§ Data for analysis
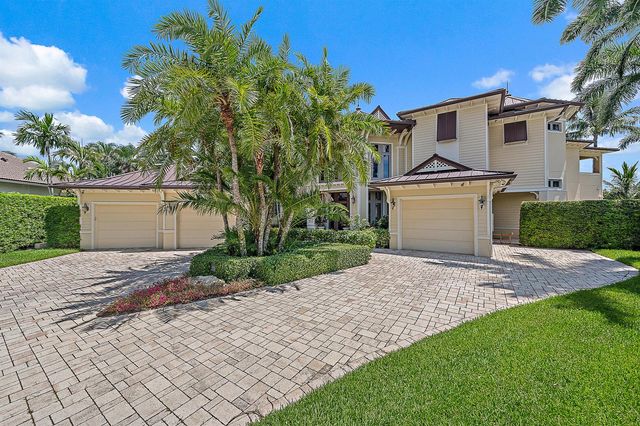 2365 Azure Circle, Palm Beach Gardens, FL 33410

--

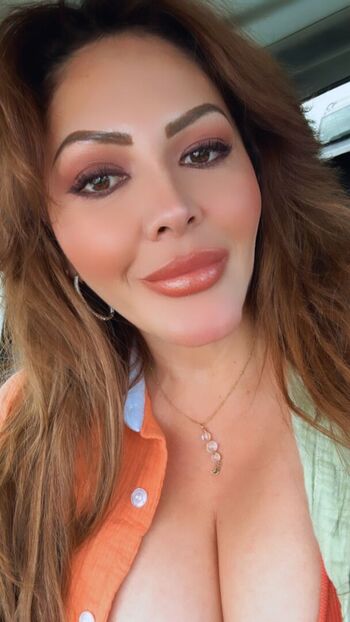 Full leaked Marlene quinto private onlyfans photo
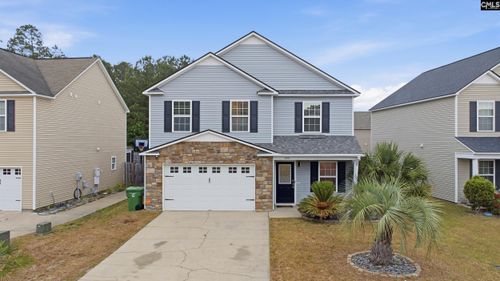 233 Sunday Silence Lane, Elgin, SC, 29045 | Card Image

§ Task to carry out
Give back exactly the lines of the listing above from the one that contains "Full leaked Marlene" up to and including the one that contains "233 Sunday Silence", but not the pictures, and no other lines.

§ Result of this task
 Full leaked Marlene quinto private onlyfans photo
 233 Sunday Silence Lane, Elgin, SC, 29045 | Card Image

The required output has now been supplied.